"[O]nly you and I in all that garden"

Quote of the day 


“You never seem to be waiting for me, but we kept meeting at every turn of the paths. Behind every bush, at the foot of each statue, near every pond. It is as if it had been only you and I in all that garden.”

8 Responses  →
Sounds like a love that won’t last.
That’s too pessimistic, J. But anyway they are all “holographs”.
If it is a good one, who cares.
If it is a bad love, then good luck with that if it lasts.
Shadowy figure:
To me it seems like a matter of perception: one person seeing the other everywhere, despite their bumping into each other being mostly random. Or, perhaps she/he is subconsciously seeking out the other. That’s the kind of silly thing that people in love tend to do.
Shadowy figure, you are oh-so secretly a love sick kitten, aren’t ya?
Tammy, a prof of mine once said that Romeo and Juliet wasn’t a literal tale in the sense that the young lovers don’t literally die at the end, but that rather this is the symbol of the death of romantic love. It’s a rather bold interpretation, I know, but I found it most interesting. I do, in my very old age, tend to agree: that the love that sustains a long, adult relationship is different from the kind that often sustains much poetry, pop music and, dare I admit, novel writing.
I knew you wouldn’t like my first comment, but there it is.
Shadowy figure:
Love sick, sick of love, whatever.
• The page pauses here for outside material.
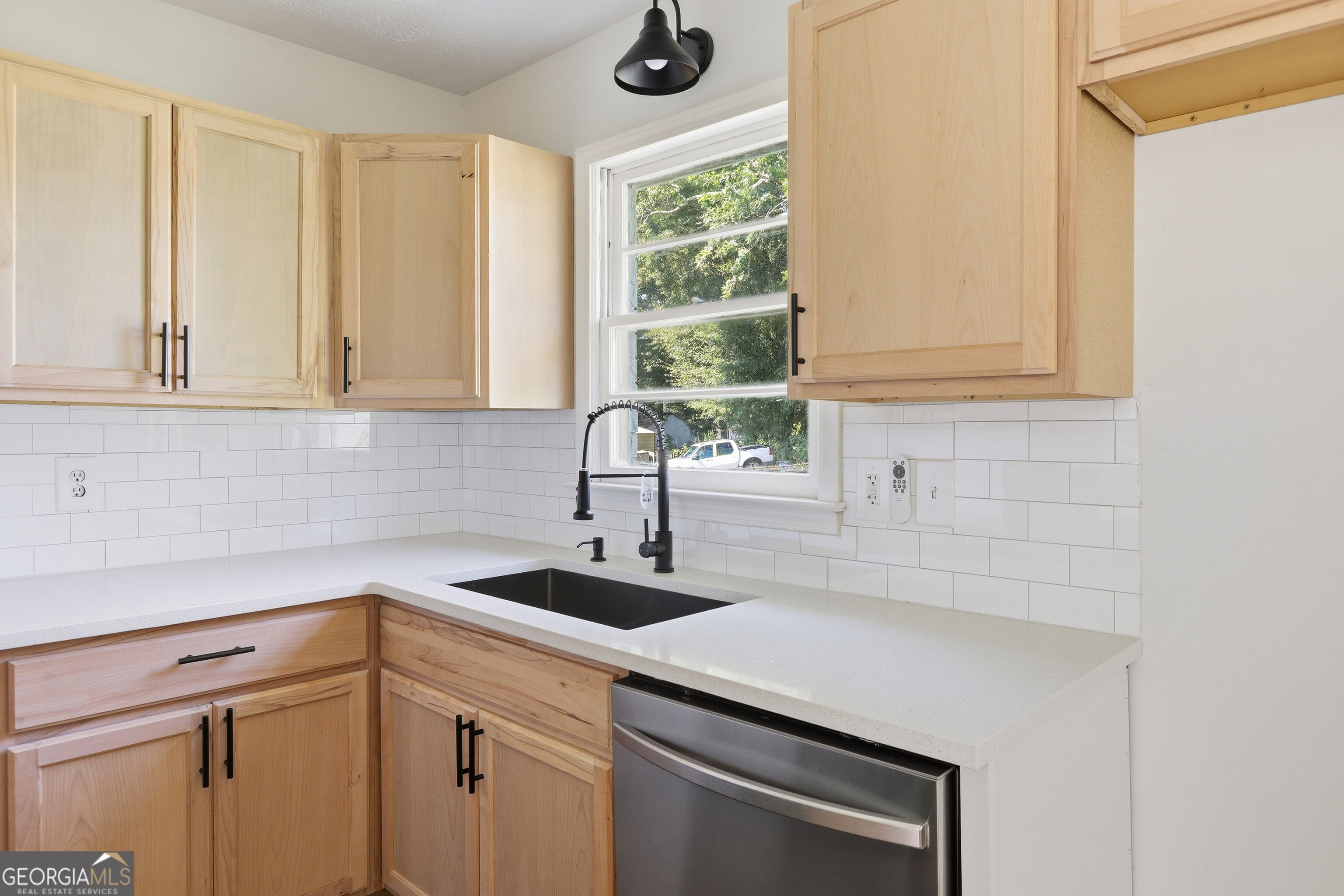 5734 Hill Road Property Photo 9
I regret using the word at all, it having so many meanings that would have driven Wittgenstein mad (or who knows, maybe it did).
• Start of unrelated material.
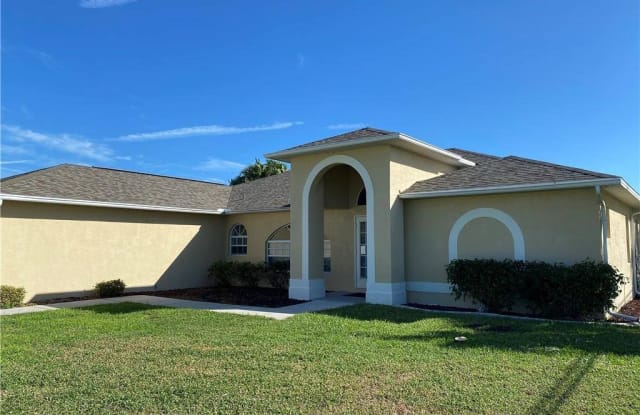 3737 12th Pl - 3737 Southwest 12th Place, Cape Coral, FL 33914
One thought on “"[O]nly you and I in all that garden"

  1. “Last Year at Marienbad” is sometimes compared to “Inception” because of the similar themes. http://existentialistman.blogspot.com/2010/08/trapped-in-inception-marienbad-morels.html

    But I am also reminded of the French NovelLe “Grand Meaulnes” by French author Alain Fournier (1913) http://en.wikipedia.org/wiki/Le_Grand_Meaulnes “Meaulnes searches for his lost love. Impulsive, reckless and heroic, Meaulnes embodies the romantic ideal, the search for the unobtainable, and the mysterious world between childhood and adulthood”

    Though different in plot line from “Last Year at Marienbad”, “Grand Meaulnes” feels similar in the way that strange relationships are shown to evolve in an oddly surreal manner.